On heap segregation, GC optimization and @nogc relaxing

Wed Nov 12 04:49:40 PST 2014

On Wednesday, 12 November 2014 at 02:34:55 UTC, deadalnix wrote:
> Before going into why it is fallign short, a digression on GC 
> and the benefits of segregating the heap. In D, the heap is 
> almost segregated in 3 groups: thread local, shared and 
> immutable. These group are very interesting for the GC:
>  - Thread local heap can be collected while disturbing only one 
> thread. It should be possible to use different strategy in 
> different threads.
>  - Immutable heap can be collected 100% concurrently without 
> any synchronization with the program.
>  - Shared heap is the only one that require disturbing the 
> whole program, but as a matter of good practice, this heap 
> should be small anyway.

All this is unfortunately only true if there are no references 
between heaps, i.e. if the heaps are indeed "islands". Otherwise, 
there need to be at least write barriers.

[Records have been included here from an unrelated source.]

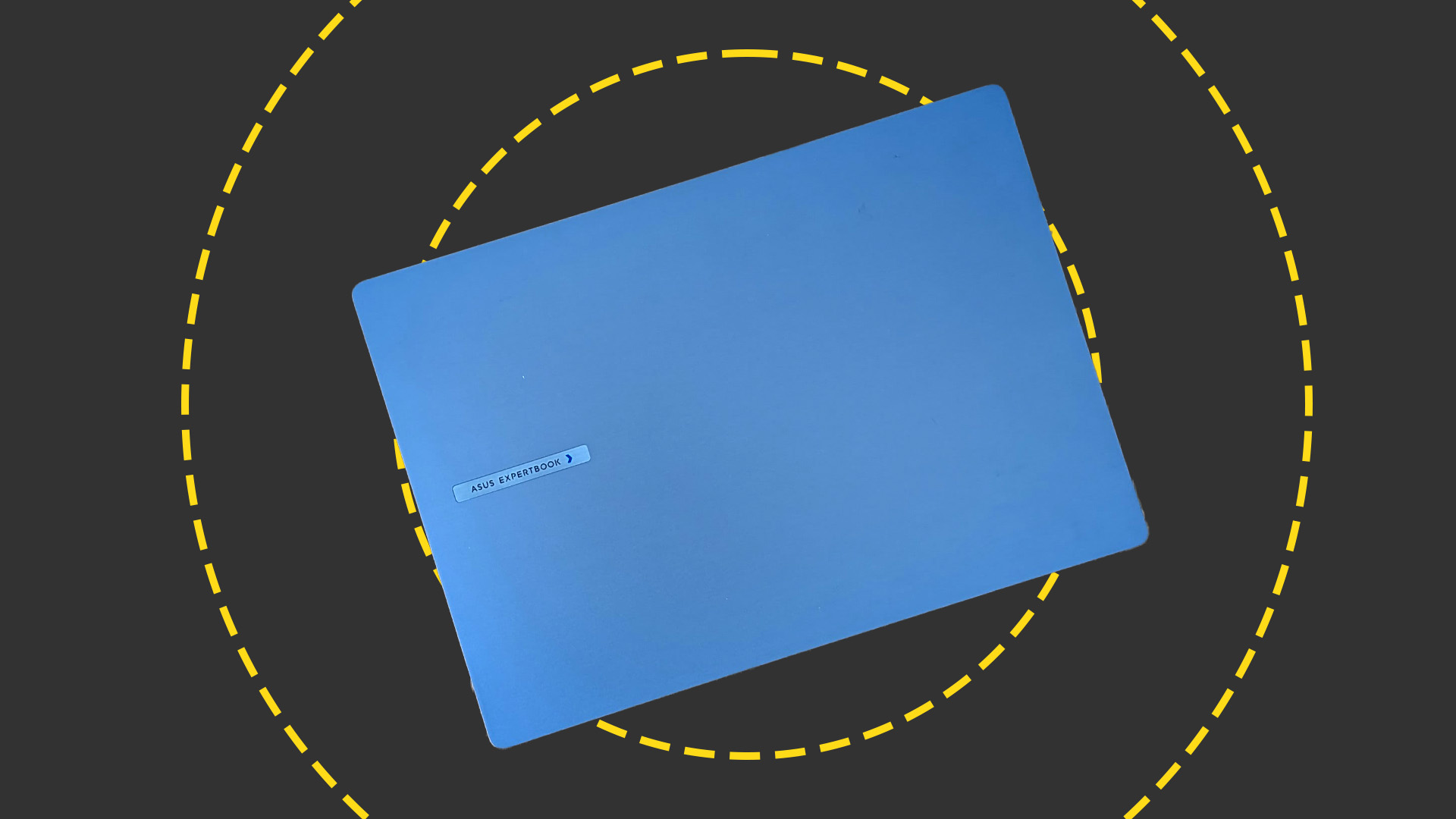 The Asus ExpertBook P3 (PM3606) on the ITPro background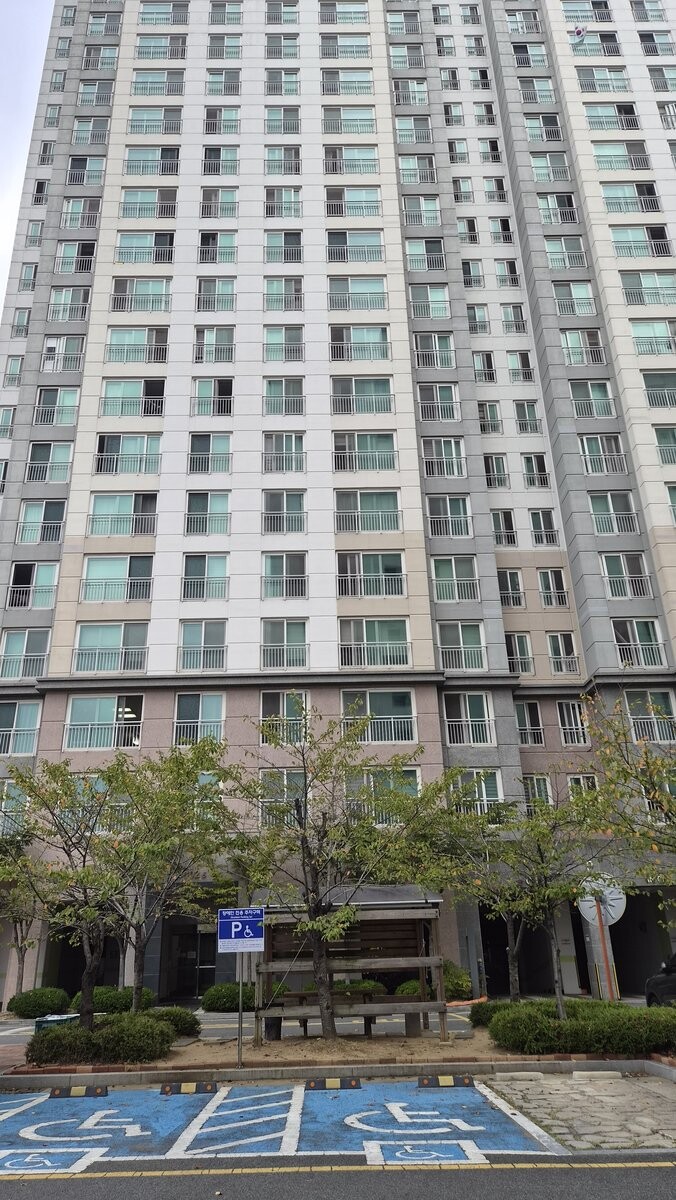 칠곡 실리콘 코킹 재시공 현장인 왜관 한양수자인 아파트 전경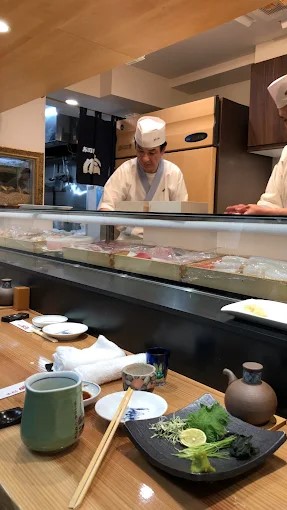 職人の手さばきを間近で楽しめる吟遊のカウンター席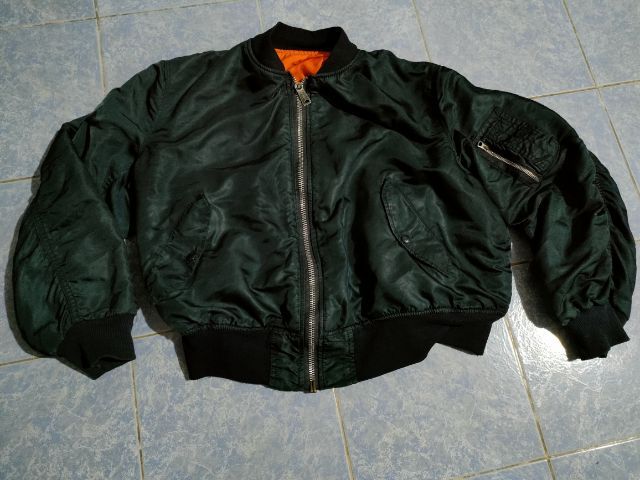ขายเสื้อเจคเกตไฟท์ไม่ขาดไม่ปะสภาพดีสีเข้ม รูปที่ 4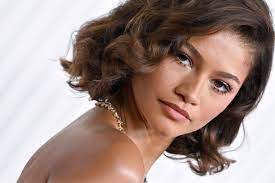 Zendaya stuns in sexy photoshoot for ELLE magazine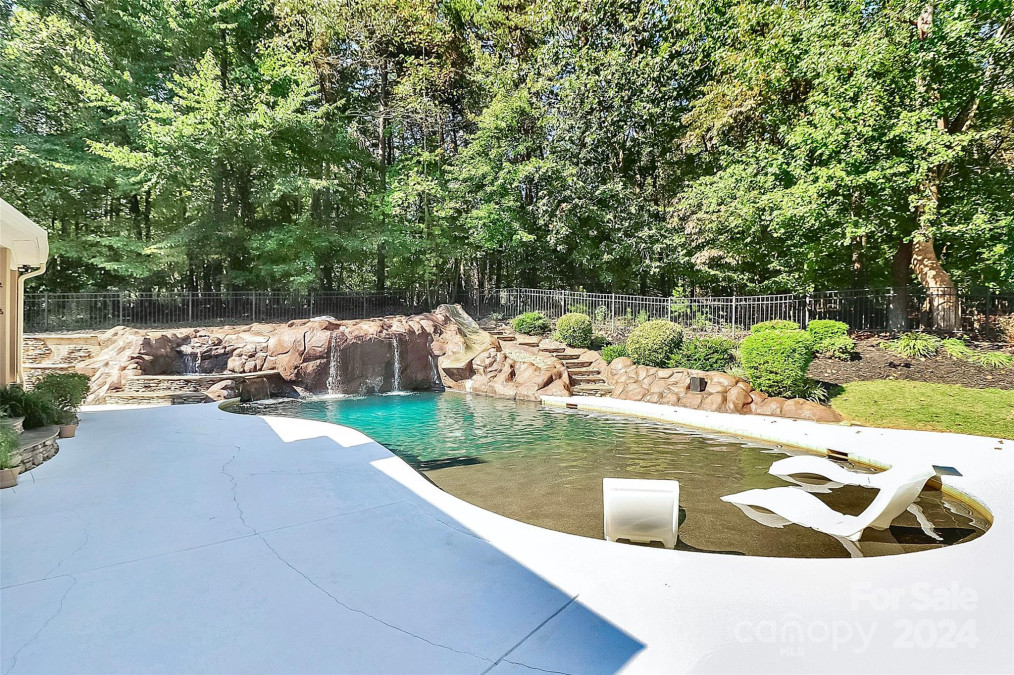 227 Wildwood Cove Dr Mooresville, NC 28117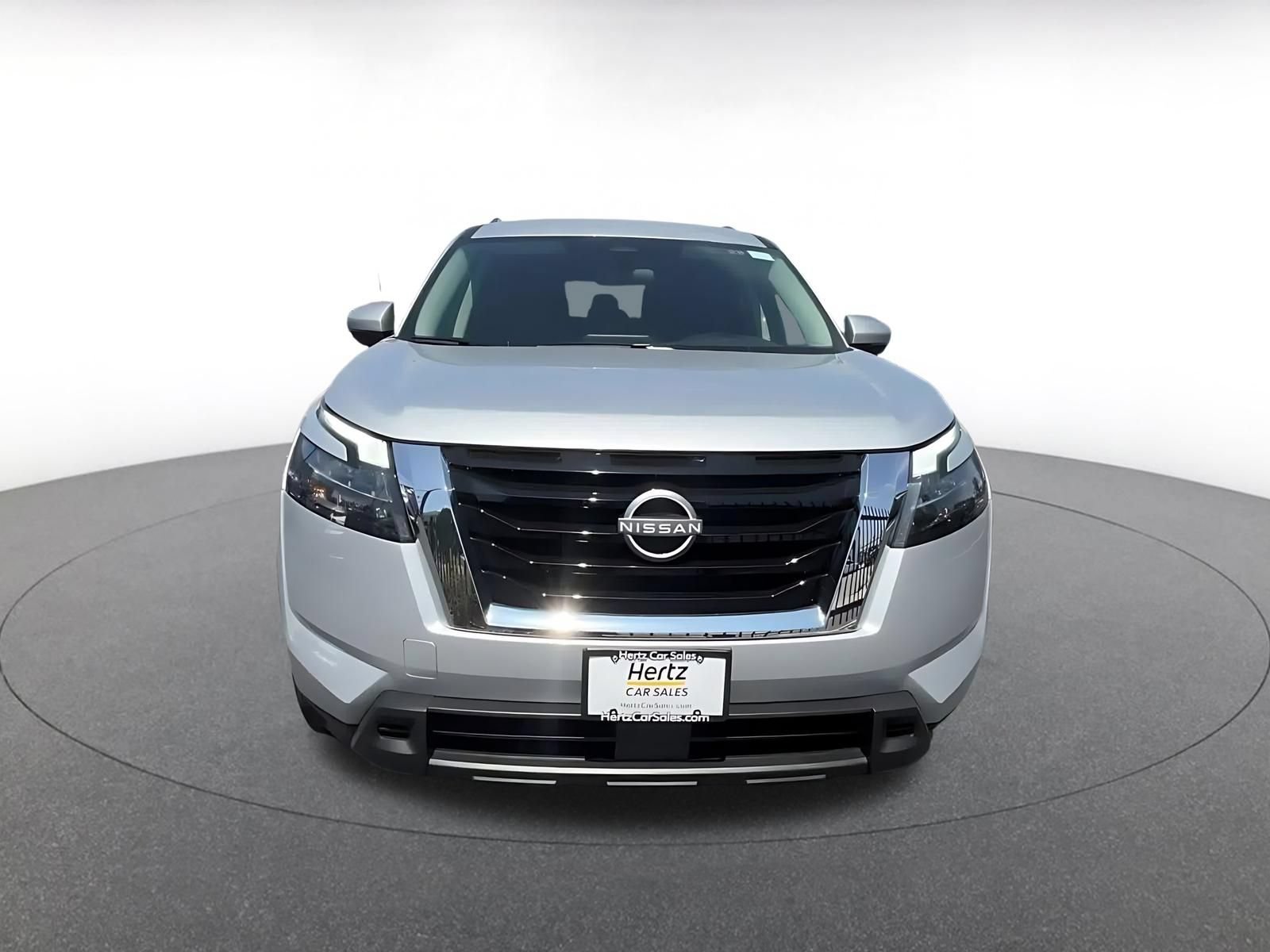 Thumbnail: 2025 Nissan Pathfinder - 4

> I'd argue for the introduction of a basic ownership system. 
> Something much simpler than rust's, that do not cover all uses 
> cases. But the good thing is that we can fallback on GC or 
> unsafe code when the system show its limits. That mean we rely 
> less on the GC, while being able to provide a better GC.
>
> We already pay a cost at interface with type qualifier, let's 
> make the best of it ! I'm proposing to introduce a new type 
> qualifier for owned data.
>
> Now it means that throw statement expect a owned(Throwable), 
> that pure function that currently return an implicitly unique 
> object will return owned(Object) and that message passing will 
> accept to pass around owned stuff.
>
> The GC heap can be segregated into island. We currently have 3 
> types of islands : Thread local, shared and immutable. These 
> are builtin island with special characteristics in the 
> language. The new qualifier introduce a new type of island, the 
> owned island.
>
> owned island can only refers to other owned island and to 
> immutable. they can be merged in any other island at any time 
> (that is why they can't refers to TL or shared).
>
> owned(T) can be passed around as function parameter or 
> returned, or stored as fields. When doing so they are consumed. 
> When an owned is not consumed and goes out of scope, the whole 
> island is freed.
>
> That means that owned(T) can implicitly decay into T, 
> immutable(T), shared(T) at any time. When doing so, a call to 
> the runtime is done to merge the owned island to the 
> corresponding island. It is passed around as owned, then the 
> ownership is transferred and all local references to the island 
> are invalidated (using them is an error).
>
> On an implementation level, a call to a pure function that 
> return an owned could look like this :
>
> {
>   IslandID __saved = gc_switch_new_island();
>   scope(exit) gc_restore_island(__saved);
>
>   call_pure_function();
> }

This is nice. Instead of calling fixed helpers in Druntime, it 
can also make an indirect call to allow for pluggable (and 
runtime switchable) allocators.

> The solution of passing a policy at compile for allocation is 
> close to what C++'s stdlib is doing, and even if the proposed 
> approach by Andrei is better, I don't think this is a good one. 
> The proposed approach allow for a lot of code to be marked as 
> @nogc and allow for the caller to decide. That is ultimately 
> what we want libraries to look like.

+1

Andrei's approach mixes up memory allocation and memory 
management. Library functions shouldn't know about the latter. 
This proposal is clearly better and cleaner in this respect.